Being easy prey to distraction I joined in the hunt through “Books in Print” and the regional library system. No, the Dyckman Library copy had long since disappeared. But, yes, it was still in print, and the New Ulm Library had a copy.
The woman was Annice Frovick who had grown up Annice Patterson in Sleepy Eye. Like a century of children that venerable library had been a sometime-home. The giant doors, the substantial tables, and the dark woodwork are those of a castle. It’s a castle with a strange hushed interior. There the child’s physical self must “sit and be quiet.” Meanwhile shelves of books invite the imagination to be entirely raucous. It is the gift of books.
Annice left Sleepy Eye after school and now lives in Pocatello, Idaho. Summer days in that library are long past. But talking to Annice, they are still present the way our childhoods are always with us.
“Dandelion Cottage” was a special book to the child Annice, one she read and reread. She was leaving that day for Pocatello so could not order the copy.
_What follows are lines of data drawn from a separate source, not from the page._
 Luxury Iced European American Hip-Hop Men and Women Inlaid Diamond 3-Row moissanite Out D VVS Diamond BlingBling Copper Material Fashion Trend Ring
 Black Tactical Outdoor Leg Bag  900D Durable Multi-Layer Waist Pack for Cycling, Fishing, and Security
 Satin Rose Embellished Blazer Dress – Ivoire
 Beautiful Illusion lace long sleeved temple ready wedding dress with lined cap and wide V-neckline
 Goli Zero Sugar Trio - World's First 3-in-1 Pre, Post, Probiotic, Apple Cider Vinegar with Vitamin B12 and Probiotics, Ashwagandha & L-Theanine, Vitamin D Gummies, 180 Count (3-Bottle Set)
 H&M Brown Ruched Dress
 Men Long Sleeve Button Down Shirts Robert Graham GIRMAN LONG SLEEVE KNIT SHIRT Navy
But she was pleased the “Dandelion Cottage” still was and that some little girl might be reading it. It occurred to me that a 10 year old girl resides in our home. So I ordered the book.
The last few weeks I’ve been reading a chapter a night to Anna. It was written in 1904. It’s always difficult to read aloud for a page or two until I find the voice of the author from that different time. Not much happens, or at least not very quickly. It’s a far cry from a half hour of television where life is packaged and dispatched between commercials. In “Dandelion Cottage” the writer, Carroll Rankin, lingers on a moment like a bee on a flower.
We’re enjoying this old book, my daughter and I. I’m glad 10-year-old Annice could share it with 10-year-old Anna across the years.
I’ve thought about that woman coming back to find a book she hadn’t held in 50 years. The strength and lasting power of that memory, of a little book in a small town library, is surprising.
We all have them, those “insignificant” things that make a large impression on one child. For me the memory of Saturday nights when the smells of bath soap and baking caramel rolls blend together is as much the stuff of my childhood as Christmases and birthdays.
Once left, our childhood becomes a bag we carry with us the rest of our lives. Psychologists tell us that the way we view the world, the way we react to it, and the patterns of behavior we choose are mostly in and from that bag.
We have some ability to arrange the stuff in the bag. “Dandelion Cottage” can lie in there for decades until Annice reaches in and pulls it out. Just like a random August day when I recall the mushy, odorous Duchess apples my brother and I ate while swinging under the tree.
We can push some memories down toward the bottom of the bag that we don’t want to come into our heads: taunts from some kid in school, the harsh reprimand from a woman when I dropped a bowl at a picnic. We can shove those underneath, but we can’t remove them. Moments we hurt and early encounters with meanness stay in the bag.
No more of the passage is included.